Naqueles tempos, antes da proibição de caça aos patos e marrecos, Janauacá era o ponto alto de quem queria fazer parte desse esporte predileto, a fama desse lugar corria o mundo, eram tantos patos que escureciam o céu à distância. Chegavam enxurradas de caçadores de planícies, em busca de aventuras. Um amigo, recebeu uma ligação inusitada de um primo distante de São Paulo, pedindo para caçar patos, junto com um israelense aficionado por caça, ele se dispôs a vir de longe com esse intuito, queria por queria “ver bicho” como falava constantemente com o seu parco português. O primo, depois de contar sua história obteve dele a concordância, que lhe disse: - “Pode vir, eu disponho de um pequeno barco regional, onde a gente pode navegar para o local dos patos, vai ser moleza” é o chamado “tiro ao pato”. Isso animou o outro que imediatamente transmitiu ao israelense a boa notícia, o israelense ficou em êxtase com a notícia, tratou de arrumar a viagem. Após uns dias, lá estavam eles risonhos no aeroporto Eduardo Gomes, abanando uma plaquinha, com o nome desse amigo amazonense, os dois estavam animados com a expectativa da tal caçada, o israelense um sujeito magro de cabelos avermelhados, onde ainda os tinha, aparentando uns 35 anos, era o mais efusivo, não se continha de animação, só repetia, as poucas palavras que conhecia em português - “Querro ver bicho, querro ver bicho”, o outro, mais baixinho, um pouco avantajado no peso, muito risonho também, tinha as feições mais brasileira, era um paulista.

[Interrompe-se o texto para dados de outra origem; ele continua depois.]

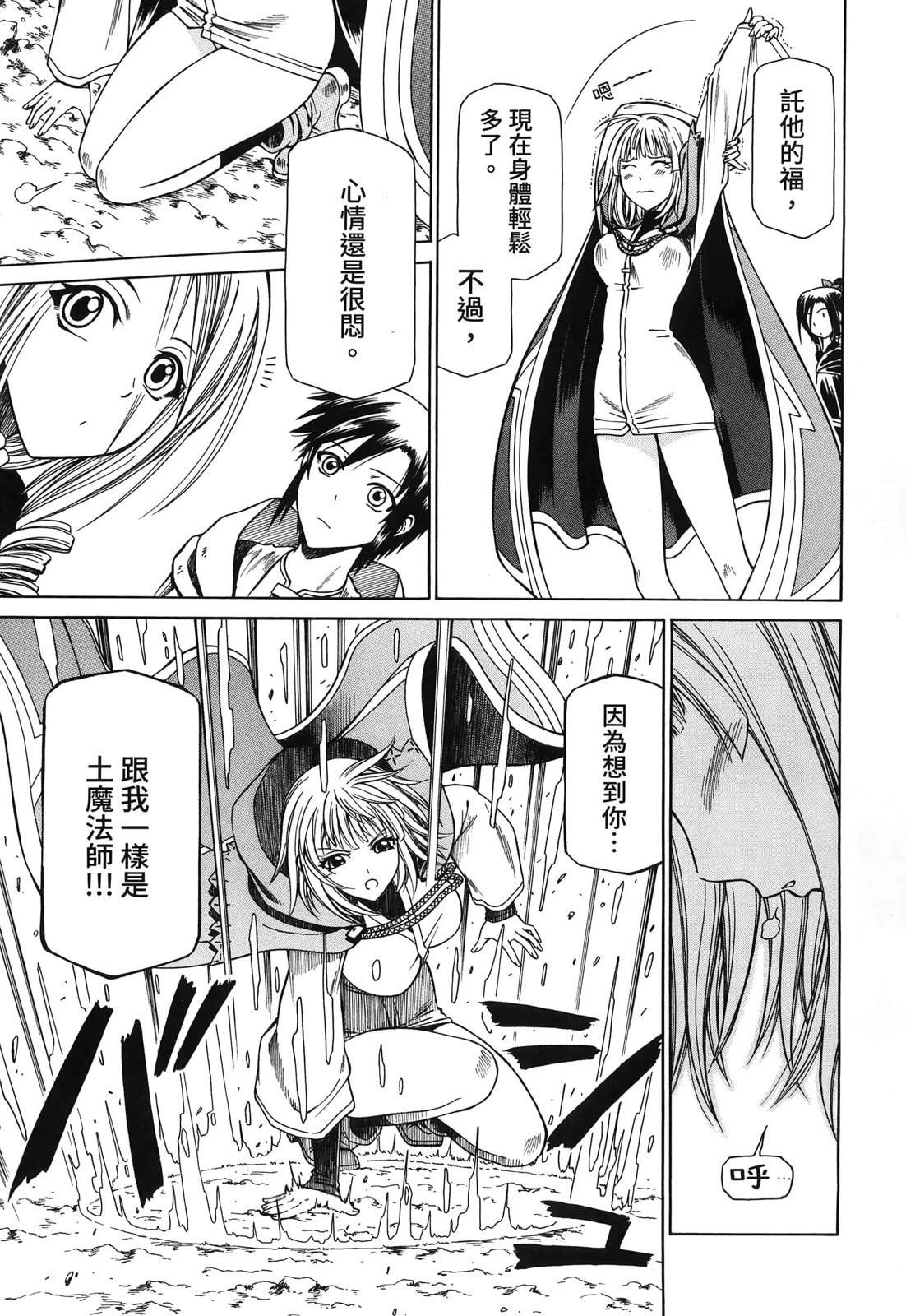 第3卷81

Dali mesmo, o amigo seguiu com a turma, para a Marina Tauá, onde estava fundeado o “Mimoso”, seu barquinho regional, de 25 pés, (7,62 metros), estava aguardando já devidamente abastecido, não era um barco grande, dos que chamavam de “pô-pô-pô”, porque o pequeno motor Yanmar, diesel de 18hp, nele instalado, nem fazia barulho sequer, de muito silencioso, por isso o chamavam de “totó”, porque fazia assim, “tchu-tchu-tchu” o mesmo som de quem chama um cachorrinho.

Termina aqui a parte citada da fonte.